§ EXERCISE AIM
From the material below, set down exactly the lines that run from the one containing "Samara Suites-Facilities-Gym2 Premium" to the one containing "Le paname comedy club en tournee", minus the pictures.

§ GIVEN RECORDS
▼
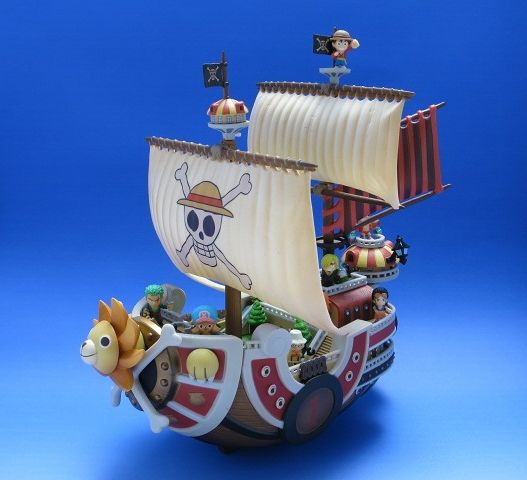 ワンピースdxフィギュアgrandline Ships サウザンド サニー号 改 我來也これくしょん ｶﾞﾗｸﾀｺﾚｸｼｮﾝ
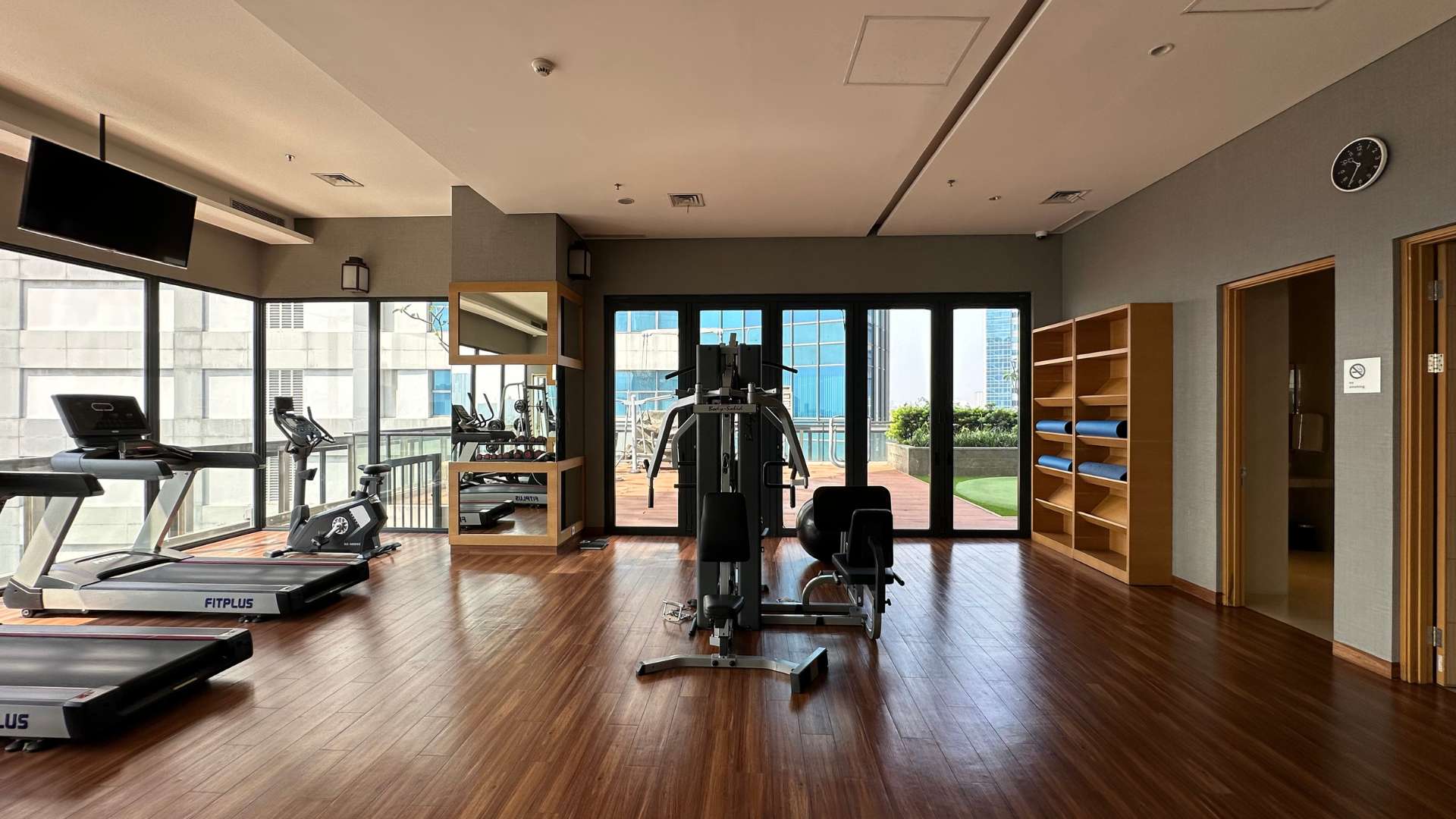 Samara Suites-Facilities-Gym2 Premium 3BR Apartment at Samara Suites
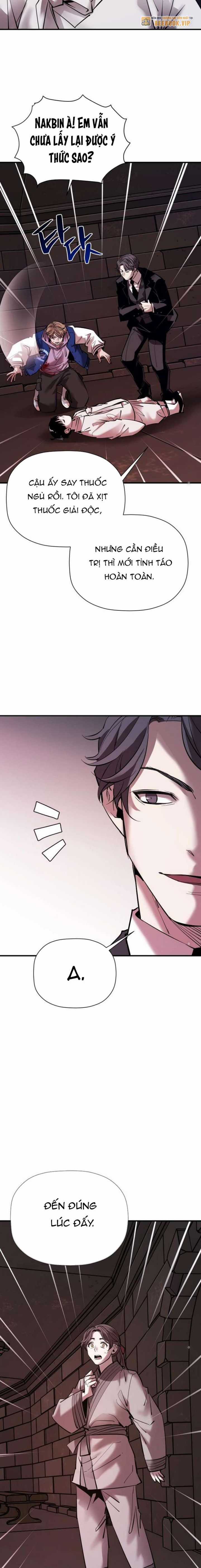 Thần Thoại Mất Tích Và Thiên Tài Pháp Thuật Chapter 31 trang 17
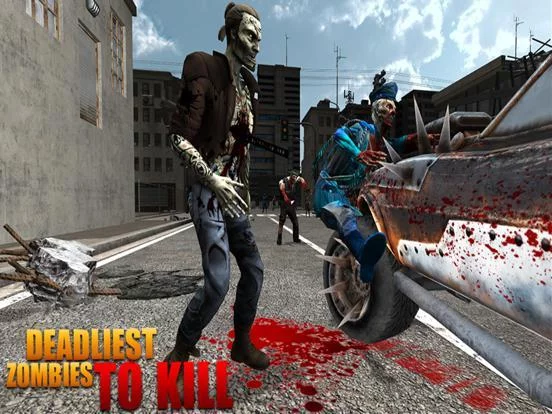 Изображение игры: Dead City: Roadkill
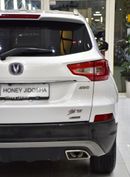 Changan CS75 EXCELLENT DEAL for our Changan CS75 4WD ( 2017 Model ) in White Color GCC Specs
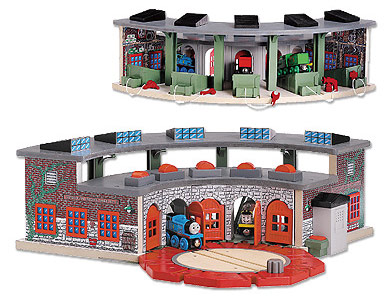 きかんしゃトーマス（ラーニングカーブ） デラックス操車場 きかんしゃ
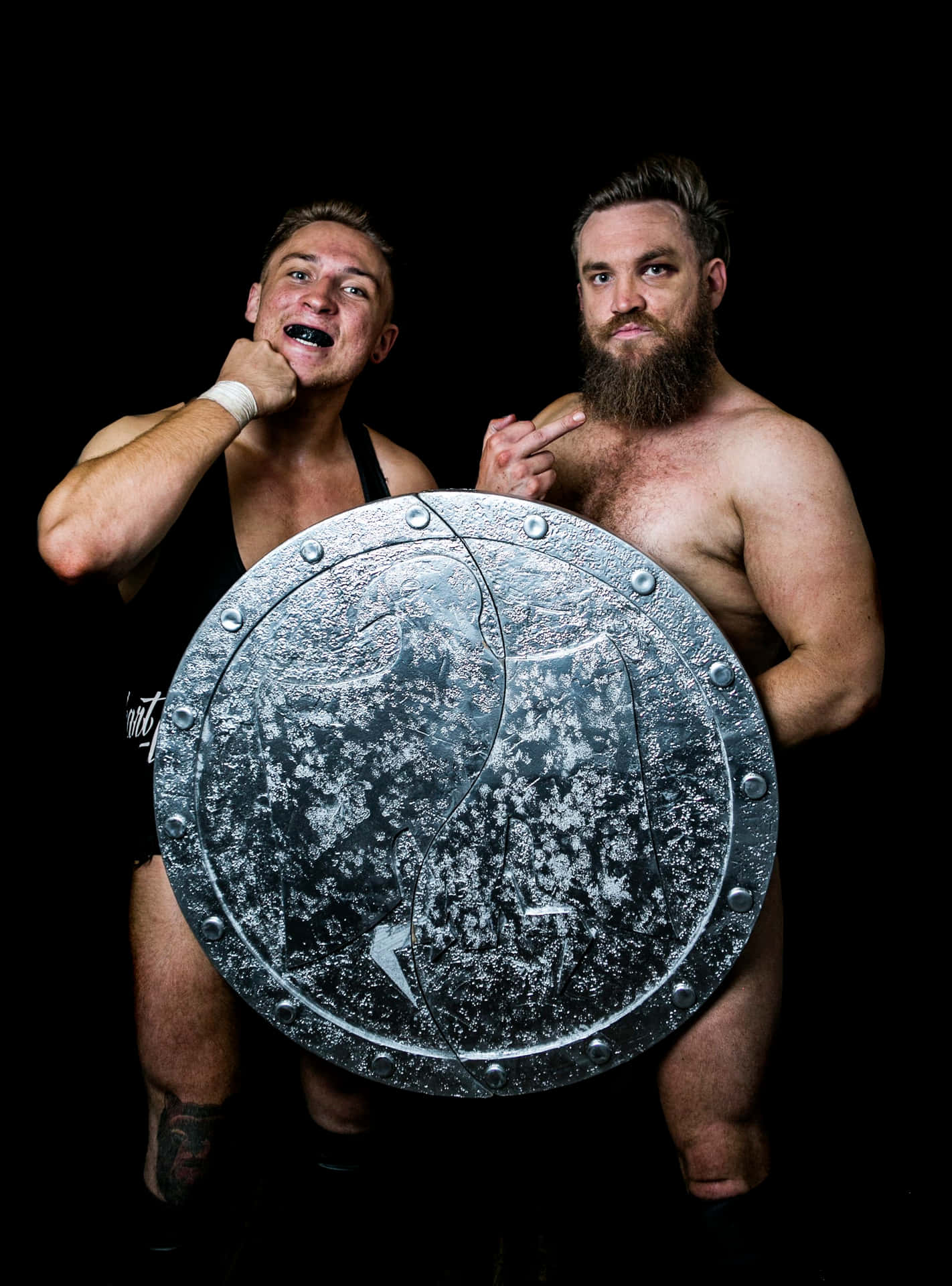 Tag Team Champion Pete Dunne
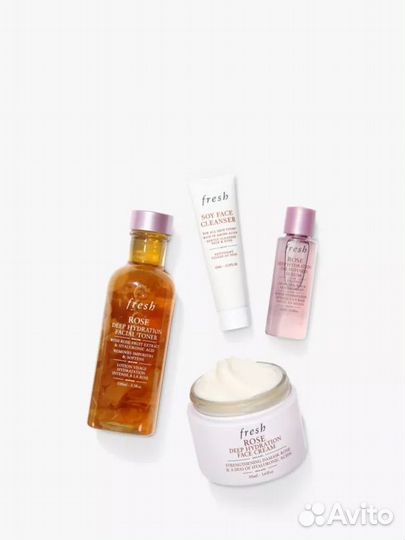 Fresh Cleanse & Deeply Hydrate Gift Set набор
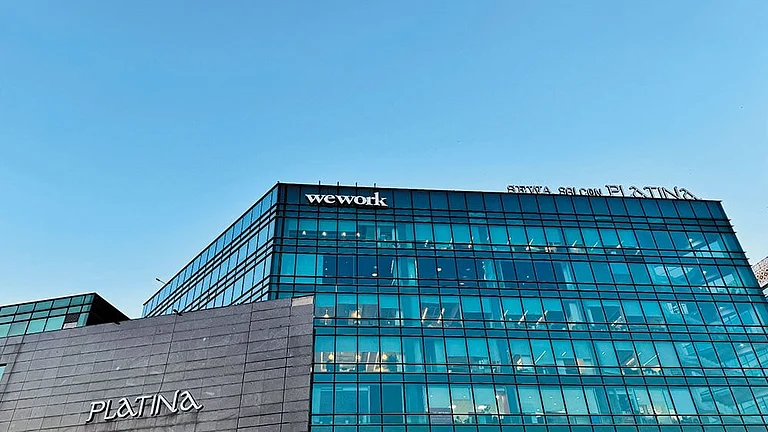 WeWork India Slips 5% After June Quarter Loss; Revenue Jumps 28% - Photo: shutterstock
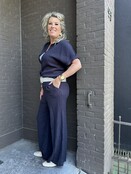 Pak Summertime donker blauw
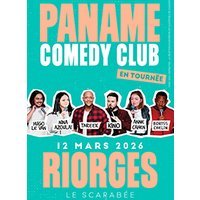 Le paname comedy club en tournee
▲
▼
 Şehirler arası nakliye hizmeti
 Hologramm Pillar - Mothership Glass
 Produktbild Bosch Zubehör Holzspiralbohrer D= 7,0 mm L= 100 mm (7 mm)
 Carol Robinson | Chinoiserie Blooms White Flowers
▲
▼
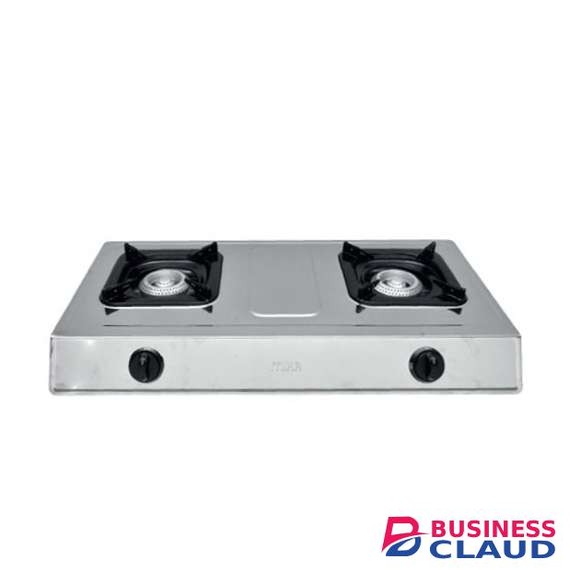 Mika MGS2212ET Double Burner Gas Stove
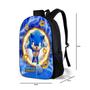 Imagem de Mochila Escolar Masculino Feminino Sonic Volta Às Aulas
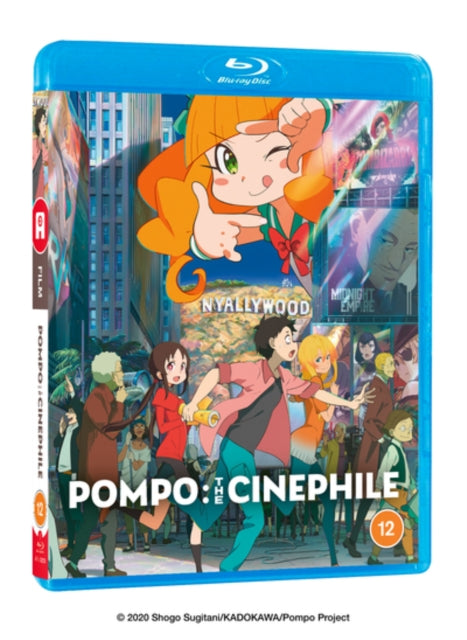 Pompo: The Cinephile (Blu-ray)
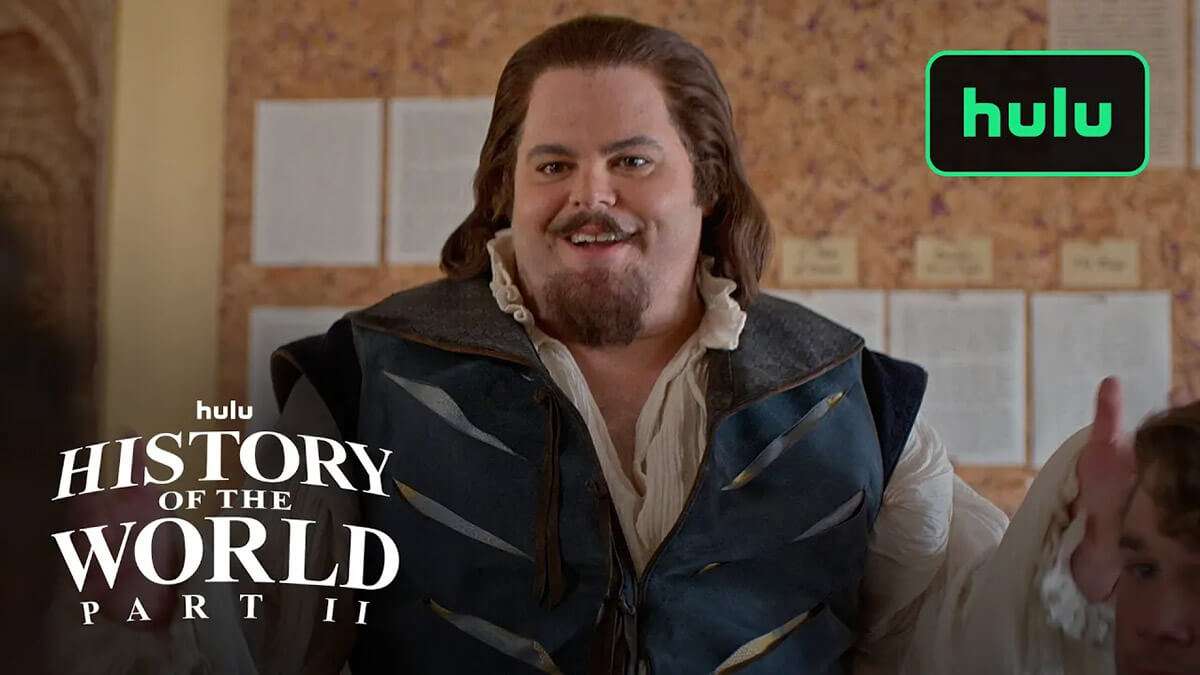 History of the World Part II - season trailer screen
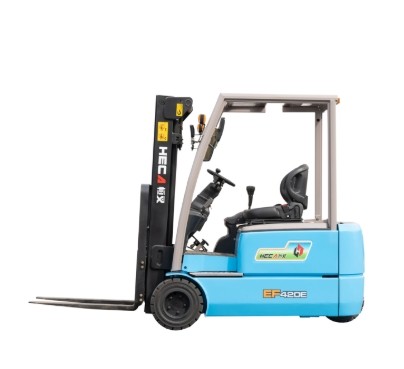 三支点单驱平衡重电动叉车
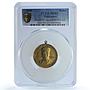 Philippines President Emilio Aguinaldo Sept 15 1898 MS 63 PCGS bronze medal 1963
▲
§ SOLUTION TO THE PROBLEM
 Samara Suites-Facilities-Gym2 Premium 3BR Apartment at Samara Suites
 Thần Thoại Mất Tích Và Thiên Tài Pháp Thuật Chapter 31 trang 17
 Изображение игры: Dead City: Roadkill
 Changan CS75 EXCELLENT DEAL for our Changan CS75 4WD ( 2017 Model ) in White Color GCC Specs
 きかんしゃトーマス（ラーニングカーブ） デラックス操車場 きかんしゃ
 Tag Team Champion Pete Dunne
 Fresh Cleanse & Deeply Hydrate Gift Set набор
 WeWork India Slips 5% After June Quarter Loss; Revenue Jumps 28% - Photo: shutterstock
 Pak Summertime donker blauw
 Le paname comedy club en tournee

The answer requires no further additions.